Friday nights, the oldest and youngest members of my household sit and watch one of their favourite TV shows together. It is the weekend and my eight-year-old gets to stay up late with her grandmother; an age difference of sixty years bridged over an hour of CID, the Indian rendition of a crime show.

Now splintered into individual screens and devices, Friday nights are a throwback to when television was watched as a collective family experience. They remind me of my own childhood in Lahore, evenings spent watching Chitrahaar on a snowy Doordarshan together with grandparents, cousins and aunts.

CID’s pseudo-forensics, absurd chases and improbable plots are a little better than Scooby Doo, but it is innocent entertainment. There is something comforting, reassuring, when ACP Pradhyuman grimaces before saying his signature dialogue, “Kuch toh garbar hai”.

But last Friday, when we switched to Geo Kahani, there was no CID. Obviously, the Pemra ban on Indian content and dramas had begun even before the announced cut-off date of October 21. We shrugged. There is always YouTube on a smart TV; we thought, at least YouTube was unbanned.

And so it will be. Even as cable operators shut down the Indian songs, dramas and movies churned out by myriad TV, Direct-to-Home satellites and FM channels, YouTube, torrents, illegal streaming sites and DVDs offer an alternative. Indian songs are still the soundtrack to our weddings, their actors and actresses are still our pinups, their dialogues and characters will remain our cultural references.
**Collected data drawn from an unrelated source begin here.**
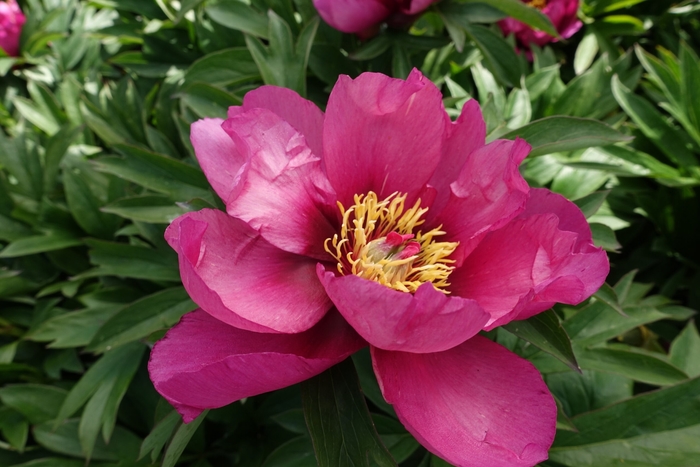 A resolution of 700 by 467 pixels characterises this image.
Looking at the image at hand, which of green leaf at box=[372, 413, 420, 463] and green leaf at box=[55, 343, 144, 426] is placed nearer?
green leaf at box=[372, 413, 420, 463]

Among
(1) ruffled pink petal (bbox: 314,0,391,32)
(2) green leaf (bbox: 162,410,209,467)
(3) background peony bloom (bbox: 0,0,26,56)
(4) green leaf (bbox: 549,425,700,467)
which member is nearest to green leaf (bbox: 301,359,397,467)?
(2) green leaf (bbox: 162,410,209,467)

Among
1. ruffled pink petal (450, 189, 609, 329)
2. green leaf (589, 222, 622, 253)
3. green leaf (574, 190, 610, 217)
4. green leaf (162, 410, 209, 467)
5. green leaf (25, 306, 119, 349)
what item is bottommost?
green leaf (25, 306, 119, 349)

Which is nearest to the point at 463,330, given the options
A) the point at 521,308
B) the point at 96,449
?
the point at 521,308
That’s because culture inevitably percolates through boundaries.

We’ve been here before; nothing to see here, move along. Culture has never been magicked through government notifications.

There is some logic to the ban, of course. For one, a lot of the content is illegal. For example, cable operators broadcast multiple in-house channels from pirated CDs, giving them far more time than Pemra sanctions. Local channels can give foreign content 10% of airtime, of which 6% can be Indian. Meanwhile, digital satellite services offered through smuggled DTH sets like Tata are similarly illegal, costing Pemra revenue.
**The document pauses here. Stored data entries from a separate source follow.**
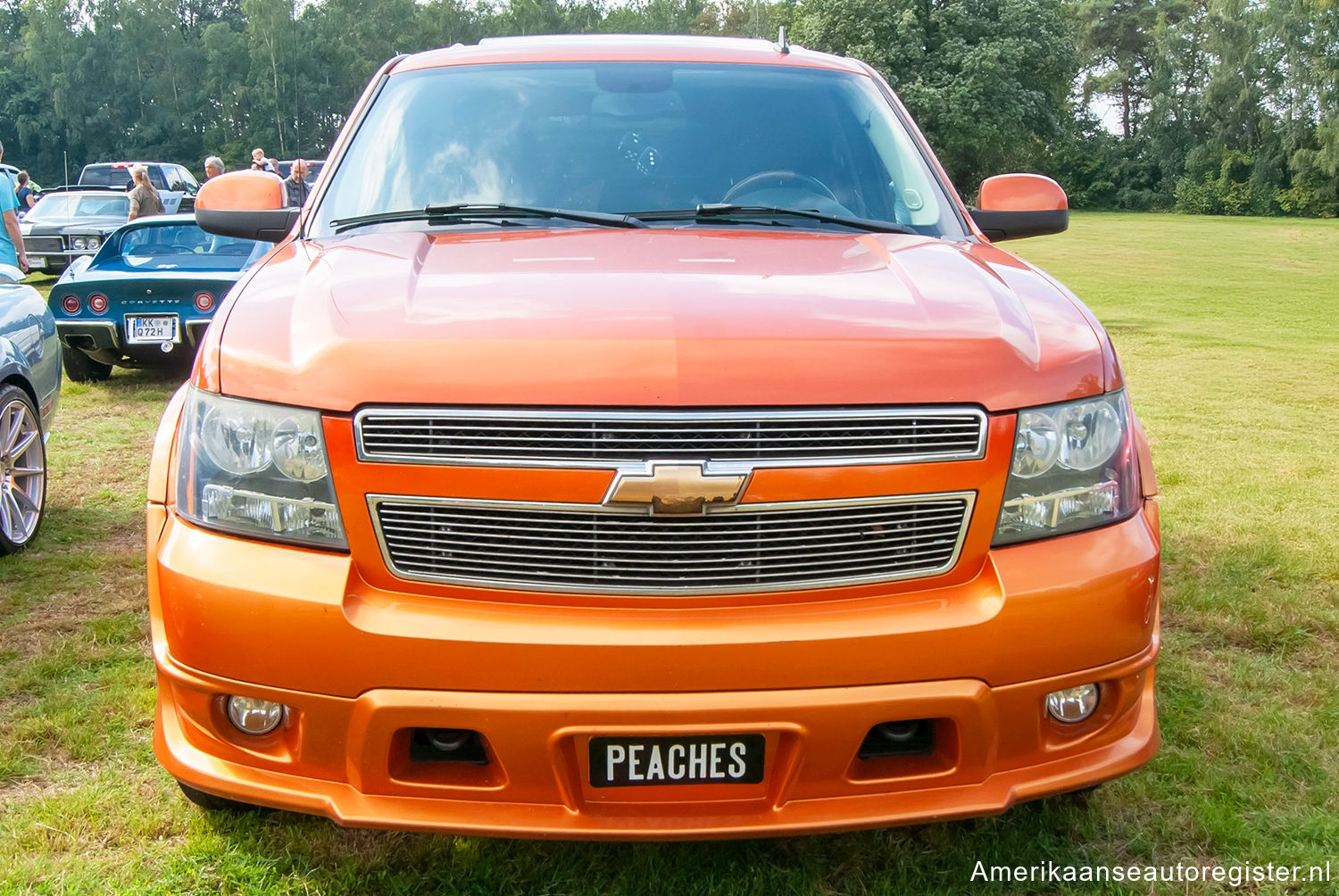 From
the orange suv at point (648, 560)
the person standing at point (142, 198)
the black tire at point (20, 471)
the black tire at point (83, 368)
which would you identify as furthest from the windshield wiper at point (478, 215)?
the person standing at point (142, 198)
But that is beside the point, because Pemra could’ve launched the crackdown years ago. It isn’t as if all this illegality has suddenly come to light.

What has prompted all this? An eye for an eye. Green and white over the Indian tricolour.

If you ban our talent, threaten violence against theatre owners who show films featuring our people and drop our dramas from your TV screens, so shall we. If Karan Johar can put his country first, so can we.

Jamaat-i-Islami and numerous other groups have tried to de-Indianise Pakistani media but never succeeded. It has taken the Hindu right-wing to prompt Pemra and cinema owners to purge screens.

About the prohibition on screening Indian films in Pakistani cinemas, founder of Mandviwalla Entertainment which produces and distributes films, Nadeem Mandviwalla told me, “It’s not good business but what can we do? They started it.”

Except it’s not just about legality, or business, but a surface nationalism shorn of civilisational roots. Neither Indian nor Pakistani culture is the enemy.

Enough damage has been caused by the never-ending cycle of proxy wars for this to now degenerate into a proxy culture war. If there was one hope, it was the officially sanctioned exchange of culture. It never stopped the cold war, the hostile news media, the exchange of firing along the Line of Control, the spies, the hyper-nationalistic rhetoric. But it remained the calm beneath layers of hostility.

But now that this calm has been disturbed, it feels that something is truly rotting, because it signifies capitulating to ultra-nationalists whose view of the world is black and white, even violent.